Source material below:

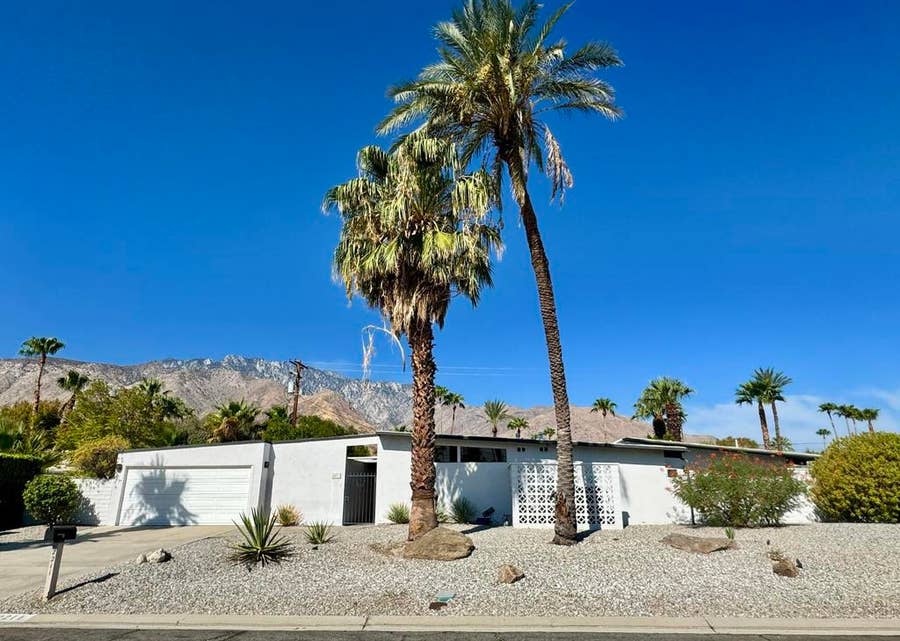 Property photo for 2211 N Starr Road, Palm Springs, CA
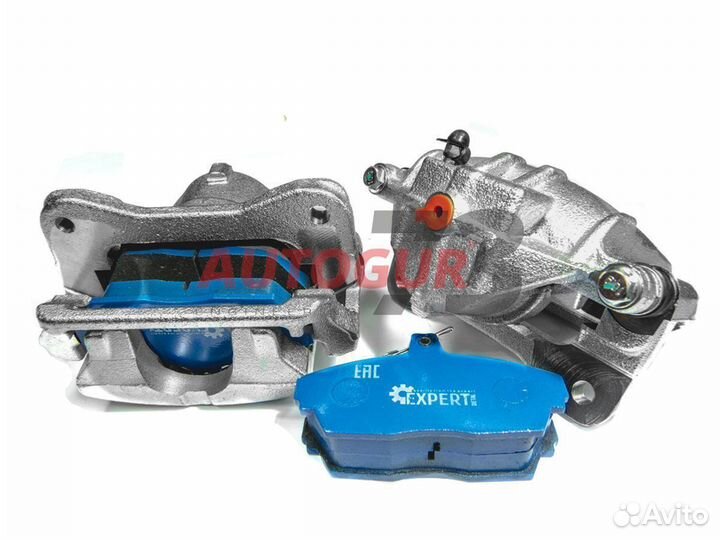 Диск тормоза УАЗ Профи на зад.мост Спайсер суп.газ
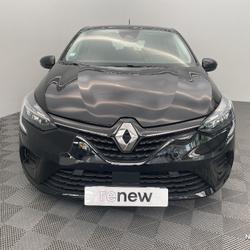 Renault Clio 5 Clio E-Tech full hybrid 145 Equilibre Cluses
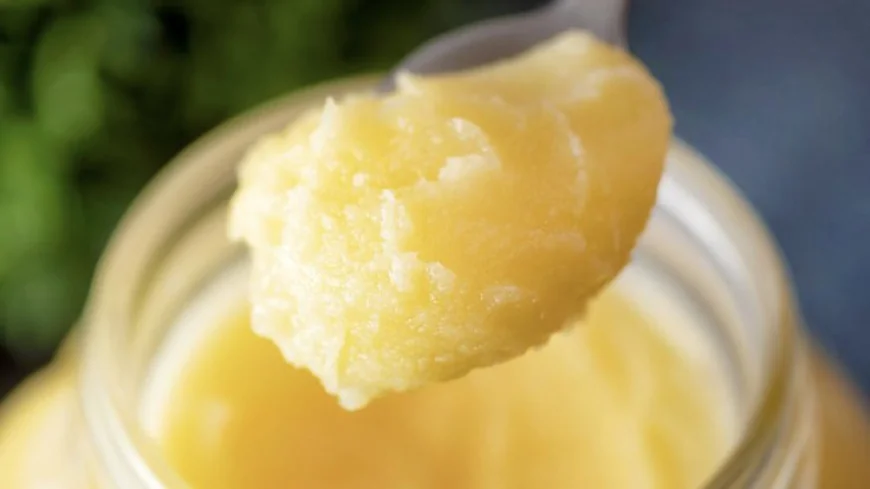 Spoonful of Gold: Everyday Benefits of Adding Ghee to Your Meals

End of Source material.

#### [Your assignment]
An exact copy of the data above is required, printed without its pictures.

#### [Answer]
 Property photo for 2211 N Starr Road, Palm Springs, CA
 Диск тормоза УАЗ Профи на зад.мост Спайсер суп.газ
 Renault Clio 5 Clio E-Tech full hybrid 145 Equilibre Cluses
 Spoonful of Gold: Everyday Benefits of Adding Ghee to Your Meals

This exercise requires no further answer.